DATA SEGMENT:
★ ★ ★ ★ ★ ★ ★
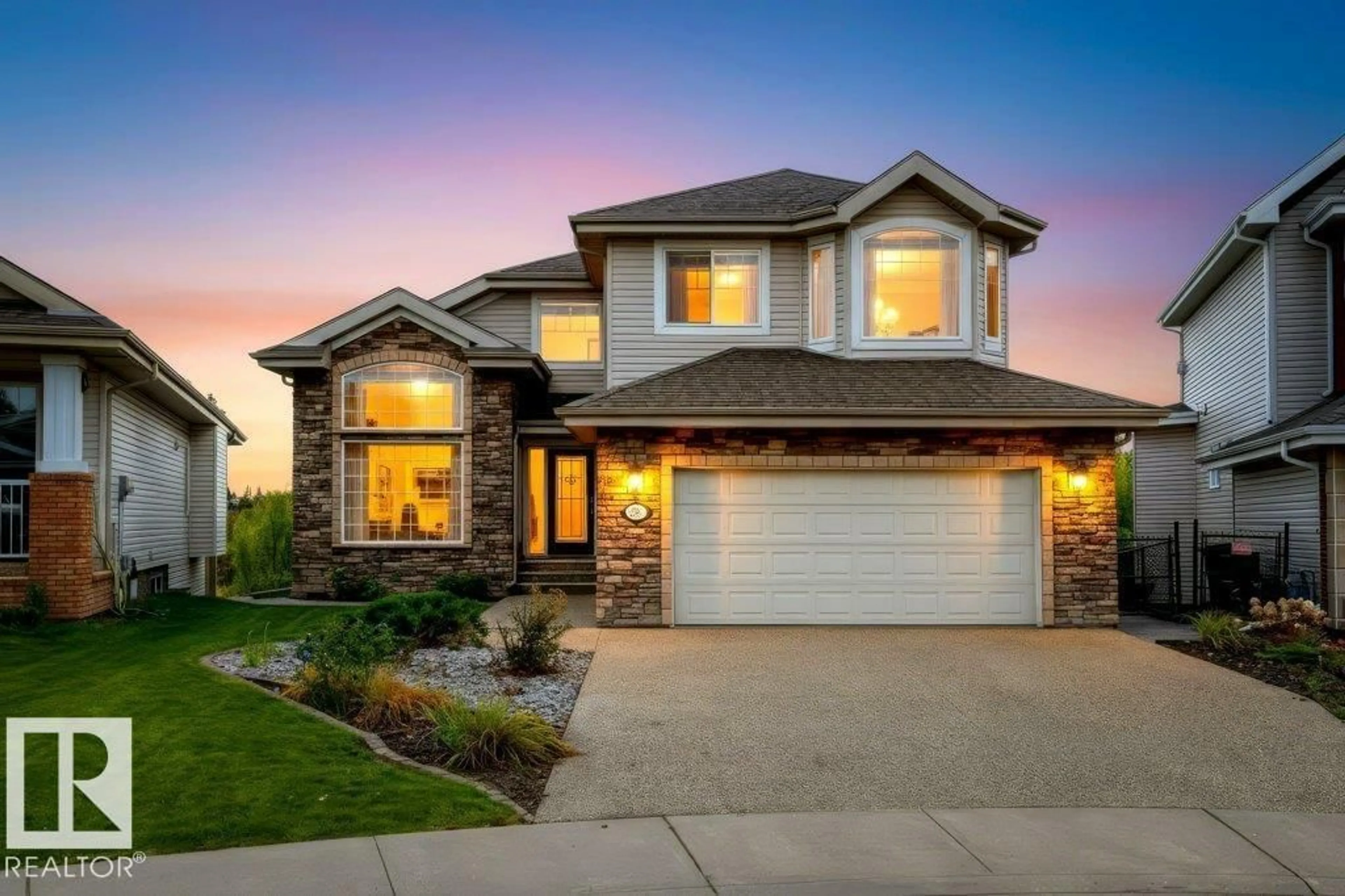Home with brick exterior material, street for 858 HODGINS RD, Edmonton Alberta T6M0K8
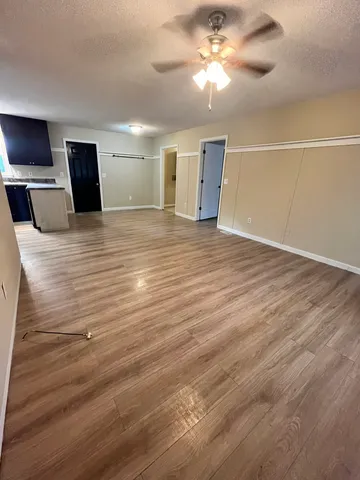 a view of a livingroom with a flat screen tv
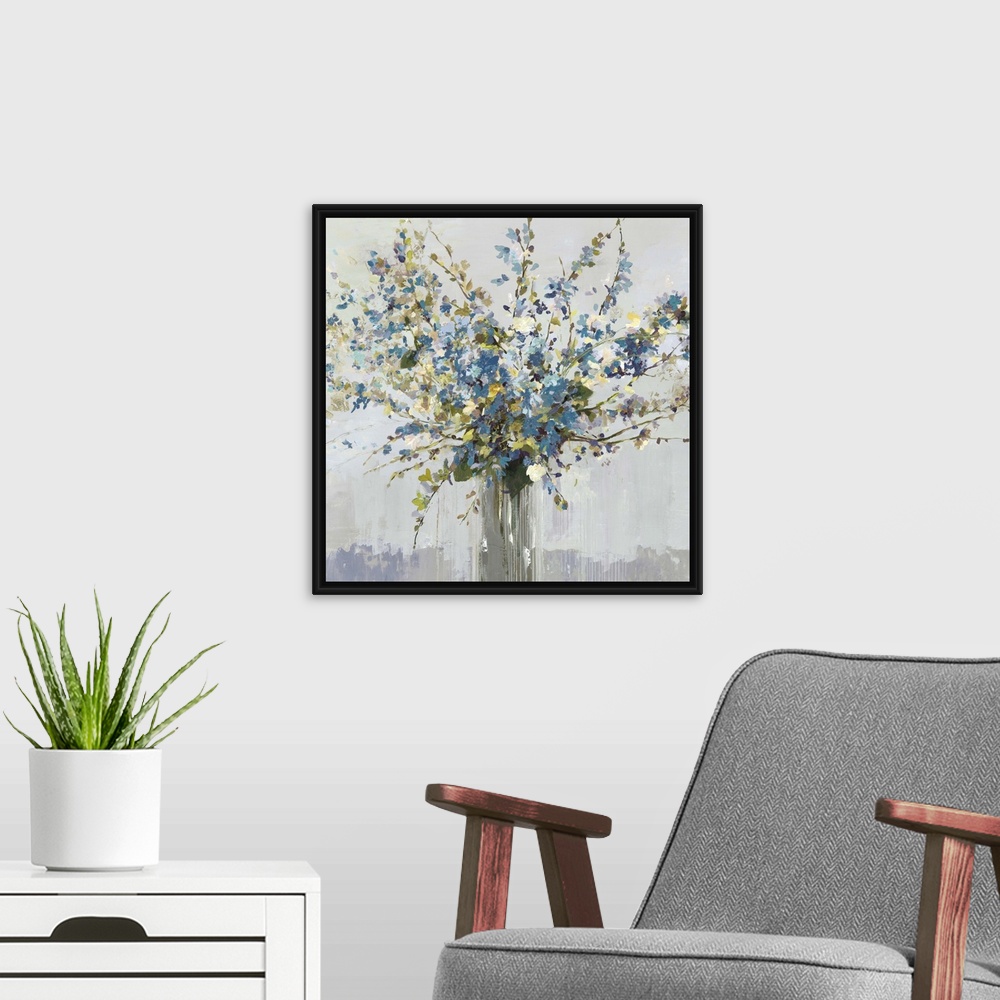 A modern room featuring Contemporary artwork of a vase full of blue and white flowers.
★ ★ ★ ★ ★ ★ ★
Reproduce the lines of the listing exactly, starting at the one that contains "a view of a livingroom with a flat screen tv" and continuing through the final line, but leave out the pictures.

 a view of a livingroom with a flat screen tv
 A modern room featuring Contemporary artwork of a vase full of blue and white flowers.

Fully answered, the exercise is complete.